Понять, в чем дело, не смог ни молодой, ни зрелый Достоевский; но он не мог не почувствовать по холодности читателя, что его постигла неудача, и бросился в фантастику, чтобы освободиться от цепей, которые накладывала на него неразвитость действительности; но провал «Хозяйки» был еще более полным.
Для Белинского, с его прямолинейным умом, направленным всегда к одной главной цели, непривлекательно было само желание изобразить злое начало в душе маленького человека, показать будущего угнетателя в разночинце, только начинающем мечтать о свободе, изобразить хищника, которого свобода раскрепостит. Все силы Белинского были направлены на борьбу за эту самую свободу, на борьбу с полицейским гнетом, еще так безгранично могущественным под скипетром Николая I. Поиски Достоевского казались ему извращенными и порочными.
Белинский последних лет накладывает вето даже на социалистическую критику буржуазного общества и выступает против «Писем из Франции» Герцена, обличавших торжествующих лавочников. Практически, в условиях 40-х годов в России, герценовская критика Запада только могла запутать, отвлечь, родить славянофильскую мысль о примирении с отсталостью русских общественных отношений; и в самом деле, Герцен не избежал идеализации общины и полупримирения со славянофильством.
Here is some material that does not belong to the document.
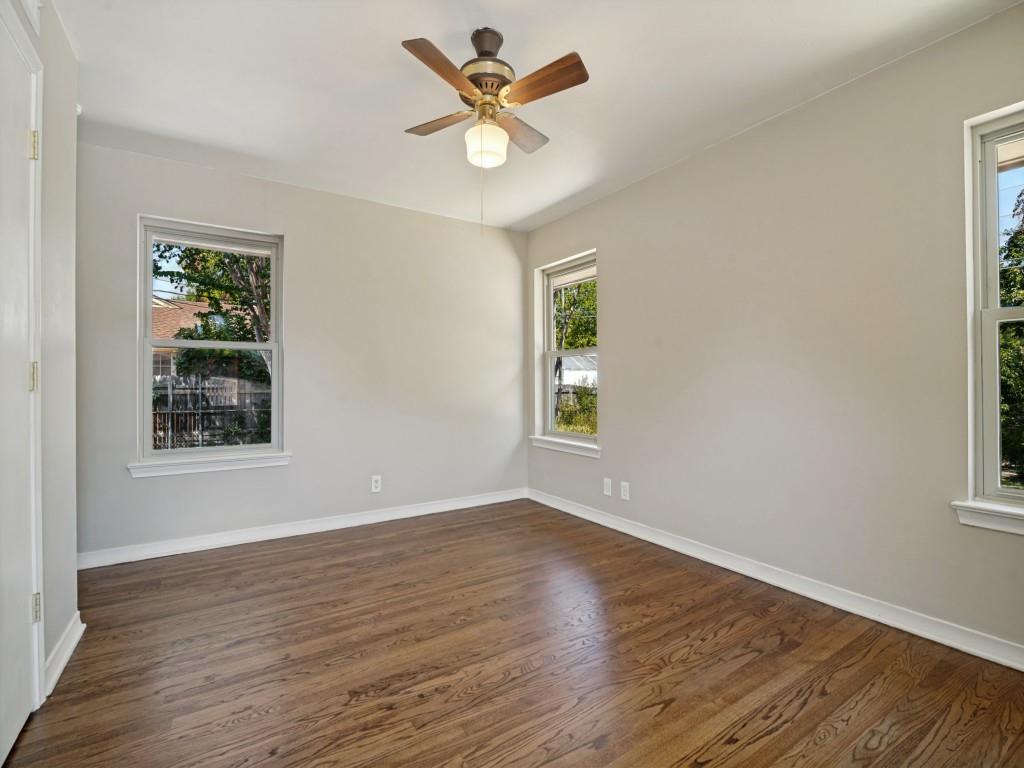 2725 Maverick Avenue, Dallas, TX 75228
По отношению к смутным и сбивчивым антибуржуазным настроениям Достоевского Белинский с политической точки зрения был еще более прав: фурьеризм молодого Достоевского, сочетавшийся некоторое время с политическим свободомыслием, на каторге переродился в социальный мистицизм, который в политическом отношении оказался реакционным. Но и Достоевский не мог не затаить сознание своей, не совсем ясной ему самому и совершенно не понятой Белинским правоты; это ожесточение против Белинского высказалось (как нам кажется) в рассказе «Маленький герой» и потом много раз открыто вырывалось в «Дневнике писателя» и в письмах.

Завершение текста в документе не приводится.